The Autobiographical Self as an Object for Sociological Enquiry
Date
2024-07-25
Journal Title
Journal ISSN
Volume Title
Publisher
University of Ghana
Abstract
(Auto)biographies are not accidental products; instead, they
are shaped by the social world which gives birth to them.
Societies inherently impact an individual’s life by means of
their very social structures, which are themselves created
through the interaction of social actors within and across
a society’s history. In other words, the constant symbiotic
interaction between social structures and social actors is
an ongoing dynamic that can be observed and explained
within historical and contemporary events. Consequently, the
different social worlds in which an individual grows up and
lives impact that individual’s life course.
In this inaugural lecture, I examine this concept of the
interaction between the individual’s life course and the social
world further, drawing on my experiences of teaching and
researching in different societies. I examine an example of
autobiography intertwined with social structure which shapes
academic life and discipline, through socially constructed
networks. I argue that social worlds shape the social actor
regardless of society, lending credence to the necessity
for biographical and oral history, or “narrative” approaches
to sociological discourse across societies. I rely on different
facets of my life to reflect on my many years of engagement
in teaching and researching sociological material and of
my inner longing to unravel the eternal interconnectedness
between the personal and the social.
My goal is to achieve at least three things in this Inaugural
Lecture: First, to convince you that autobiographies or
biographies and social structures intertwine, as my own
life illustrates. This makes the biographical method in sociology a useful platform, where structural and individual
circumstances coincide to nurture social actors. Second, and
flowing from the first, the biographical method can make
Sociology a discipline tenable in all societies and cultures.

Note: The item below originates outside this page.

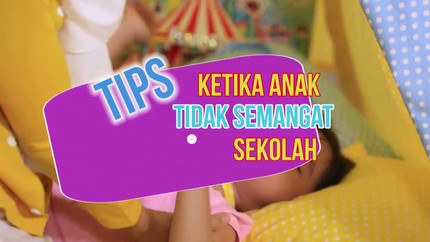 Tips Jitu Ketika Anak 'Mogok' Sekolah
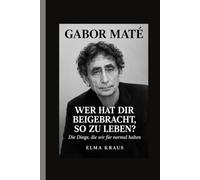 Gabor mate: WER HAT DIR BEIGELEGT, SO ZU LEBEN? Die Dinge, die wir normal nennen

Third, to inspire you, especially young people aspiring to
read Sociology, that the discipline arouses one’s curiosity
to understand oneself in relation to society. The individual
develops an appreciation for the constant symbiotic
interaction between social structures and social actors in
an ongoing dynamic, that can be observed and explained
within historical and contemporary events. In short, I aim to
engender an awakening of your ‘social imaginations’ about
the sociological endeavour that is true of our society, and any
society for that matter.
I draw on my life course and research corpus to depict how
stories/narratives/biographies are central to critical and
‘decolonial’ research methods. Rather than deploying the
time-worn approach of ‘decolonizing’ knowledge, which
continues to define and denigrate a peoples knowledge
production with reference to a single historical event and
process that subjugate them, their thought process can be
understood by interrogating their biography as impacted
by their space, place and time. More explicitly in this
context, biography serves as a mirror to envision African
Social Thought to nurture a critical ‘African emancipatory
sociological imagination’. The centrality of creativity and
relationality in African and Indigenous Social Thought gives
prominence to an African emancipatory imagination.
The lecture underscores the interplay between autobiography
and social structure. It argues that the social world, created
by social actors, shapes the social actor, thereby making the (auto)biographical approach to sociological discourse an
important global sociological enquiry.
Drawing on the autobiographical self, this conceptual lecture
reflects on how the personal life course is shaped by the
social world, thereby impacting later years of teaching and
researching sociological materials inspired by what nurtures
the autobiographical development.
The (auto)biographical approach, thus, emanates from a
creative sociological imagination that situates the individual’s
personal history within society’s public issues, thereby
blurring a binary that is central to the very sociological
endeavour. The fact that the biographical and the structural
are inherently connected in a continuously and eternally
dynamic symbiosis is thus laid bare.